From the sign marking “ delet” on my kindergarten Sunday school class, to the door of my cabin in Chalutzim, the OSRUI Hebrew immersion program, Hebrew has been a part of my life for longer than I can remember. When I moved to Stevenson’s school district, I signed up for Hebrew class right away only to be told there wasn’t enough interest to run a class. Devastated, I waited a year and tried again to try to take Hebrew again my sophomore year.  
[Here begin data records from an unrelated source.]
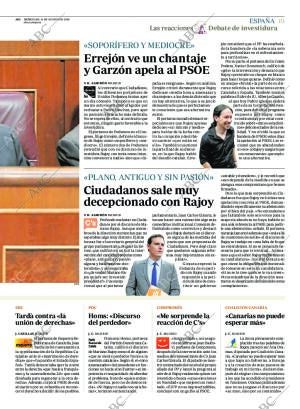 ABC MADRID 31-08-2016 página 19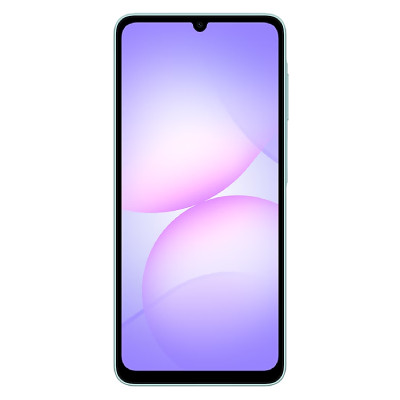 samsung-galaxy-a07-5g-4gb-128gb-4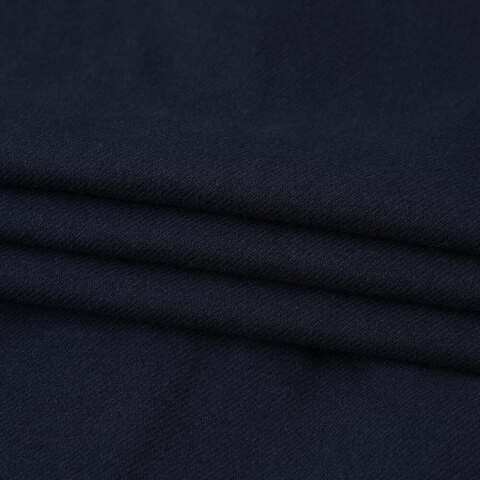 VANS范斯2025男子LS FLANNEL SHIRT梭织长袖衬衫VN000QKDJDU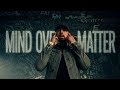 Eminem Mind Over Matter Official Lyrics Video
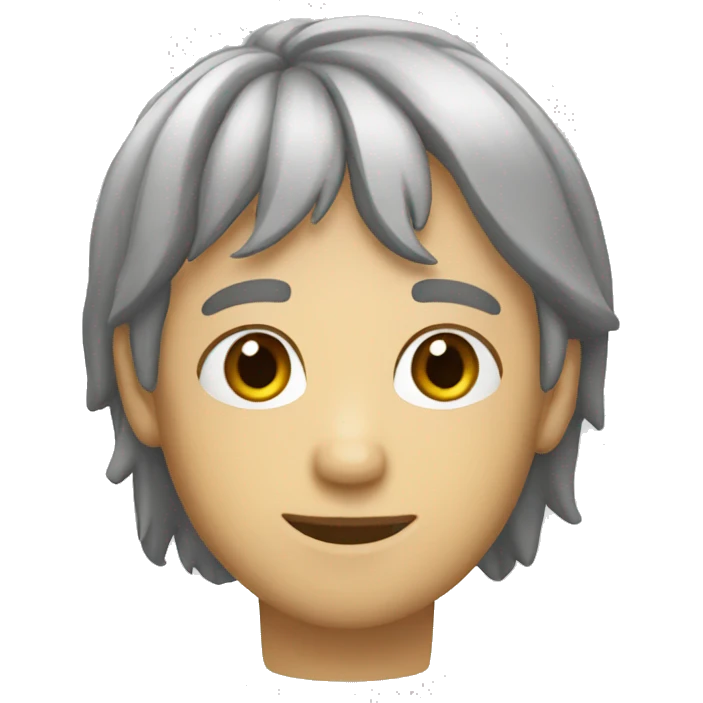 Lumalee emoji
Lo and behold, the Hebrew program at Stevenson High School was reborn with me, a transfer student from Wisconsin as its number one fan.  Right off the bat I devoted my extra time to helping promote the Hebrew program. I worked closely with our amazing teacher Anna Gorbikoff to make sure our status as a program was known in our community. We spent months working on plans for the Hebrew program’s events partnering with our Club Israel and World’s Fair to make our dreams a reality. Finally, we held our very own event for the whole school, Israel Day, a day where we opened our community to the rest of the school so they could see how unique and special a community united by a common language can be.  But we didn’t stop at Israel Day; if we were capable of pulling off an event like that, who knows what else we are capable of.  

Fast forward another a semester and an official chapter of Hebrew National Honor Society (HNHS) was founded at Stevenson High School. I am personally connected to HNHS in many ways. Not only did I work diligently beside Mrs. Gorbikoff and my peers to bring this to fruition, I also served as the Vice President, and now the President. Truthfully, I couldn’t dream of anything more rewarding.   

I have watched our community go from 17 students from all three levels of Hebrew combined, to at least 17 students in EACH of the three levels currently offered. Our HNHS has grown from eight members with two people on the executive board to 16 general members and a full executive board. I have been there every step of the way, lending a hand, a pencil, or a session of peer tutoring whenever anyone has needed it. This community has given me the chance to be a part of something I couldn’t have dreamed of in a million years. I have learned so much more about the Hebrew language and culture than I ever thought I possibly could. Most importantly, having Hebrew be a part of my life has shown me that it won’t be over with my graduation from high school, that high school is only one chapter in my Hebrew story.